Wednesday, August 10, 2005

On Being A Late Bloomer

That is what learning is. You suddenly understand something
you’ve understood all your life, but in a different way
—Doris Lessing

I’ve always been a late bloomer. My parents never heard the word “precocious” when my teachers summoned them for conferences. Instead, terms like “easily distracted,” “unfocused,” and “undisciplined” always made them leave Vernon Avenue School, in South Central Los Angeles, with a frown. Even when I was attentive in class, trying my best to capture whatever concept the teacher was trying to get through to us, the light went on in my head long after my peers had understood. But when it finally did, boy, did it shine brightly.

Bernardo and the Virgin was published when I was fifty-one. It wasn’t my first attempt at writing a novel. Two completed manuscripts, and another one that was shelved half way through—all three written in my late thirties—are today lost, mercifully, casualties of my many moves. For years I consoled myself with the thought that I gave my dream of becoming a published novelist my best shot, but the itch to write creatively never went away. But by then, wholly engaged in the pursuit of my doctorate, I chose to retreat to the sanctified halls of scholarly writing.

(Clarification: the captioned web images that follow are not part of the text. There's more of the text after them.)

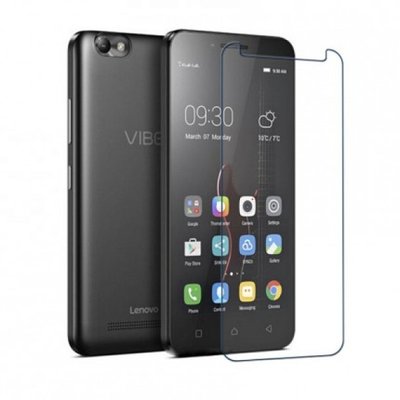 Защитное стекло Ultra Tempered для Lenovo Vibe C / A2020 Clear 5326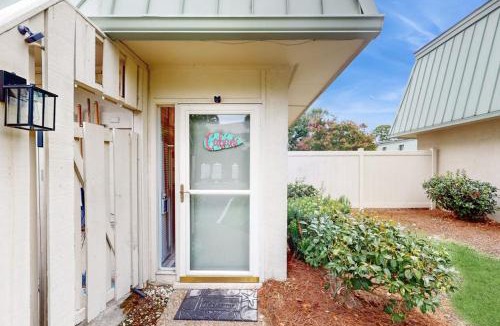 Hilton Head Island House | Hilton Head Cabanas 29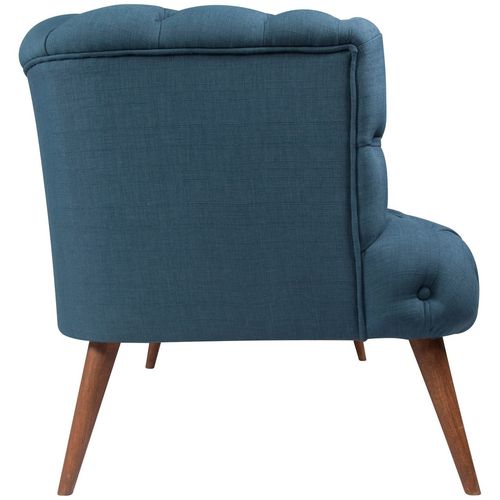 West Monroe - Night Blue Night Blue 2-Seat Sofa slika 6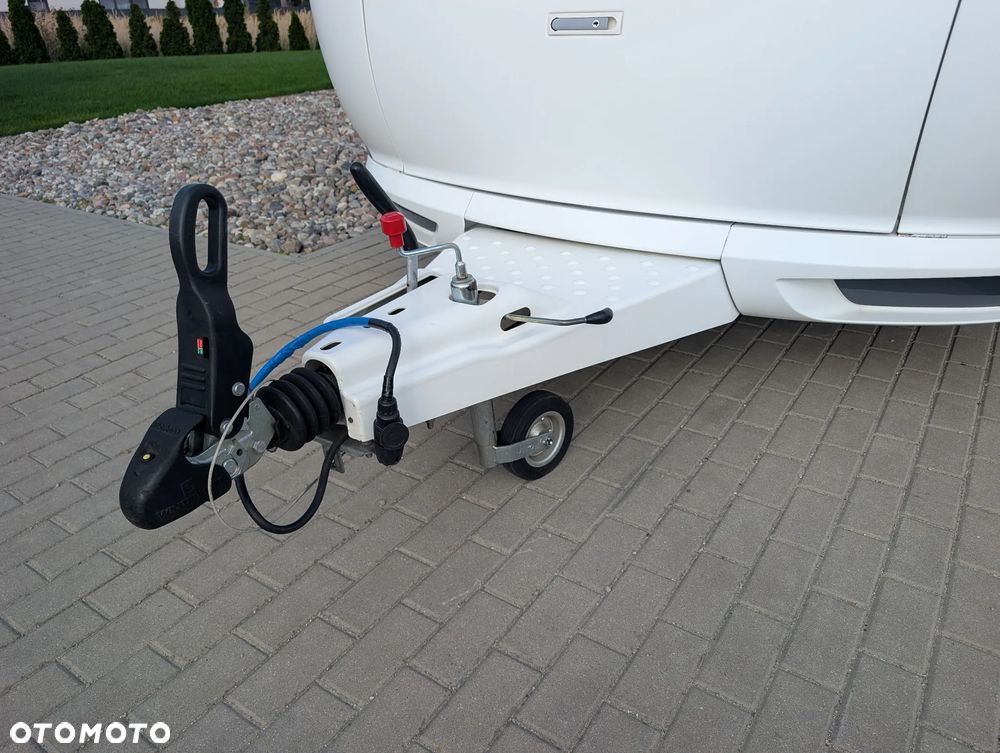 Hobby 455UF De Luxe - 8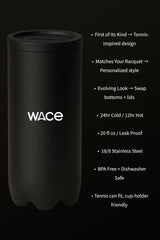 WACE - OG Black 21oz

As far back as I can remember I’ve enjoyed putting my thoughts down on paper. Like many Latino and Latina writers, I grew up in a culture where spinning a good yarn is highly regarded. As a youngster I spent many hours in rapture, listening tirelessly to the gifted storytellers in my extended family. Thanks to them, I learned early in life how to sense when I was in the presence of a great story.

As a novelist, my breakthrough came after I completed writing Julia Alvarez: A Critical Companion, for Greenwood Press. For this study of the Dominican-American’s novels, the press’ editorial rules required that I divide the chapters into sections that explore plot development and structure, point of view, character development, and thematic issues. Diving headfirst into Alvarez’s work (who, incidentally, is one of my literary heroes) in this straightforward, fundamental manner (as opposed to viewing the novel through the lenses of highly esoteric literary theories, like I had been trained to do in graduate school), allowed me to glimpse the novelist’s craft from within. This time the light went on with a fiery explosion. I now understood exactly how to go about writing a novel.

So, at a somewhat late age, Bernardo and the Virgin was finished. Elaine Markson, after reading the novel, agreed to become my agent, and Northwestern University Press decided to take a chance on an unknown and easily-distracted middle-aged writer.

Getting back to being a late-bloomer, I take solace in the knowledge that Miguel de Cervantes, at the ripe old age of 58, after a lifetime of failures, finally succeeded in writing a classic that has endured the passage of time (this year we celebrate the 400th anniversary of its publication). I would never assume to place my writings alongside his—God forbid I ever develop an exaggerated sense of my small contribution to Latina and Latino letters. But . . . still . . . it’s comforting to know that compared to the author of Don Quijote de la Mancha, I’m somewhat precocious.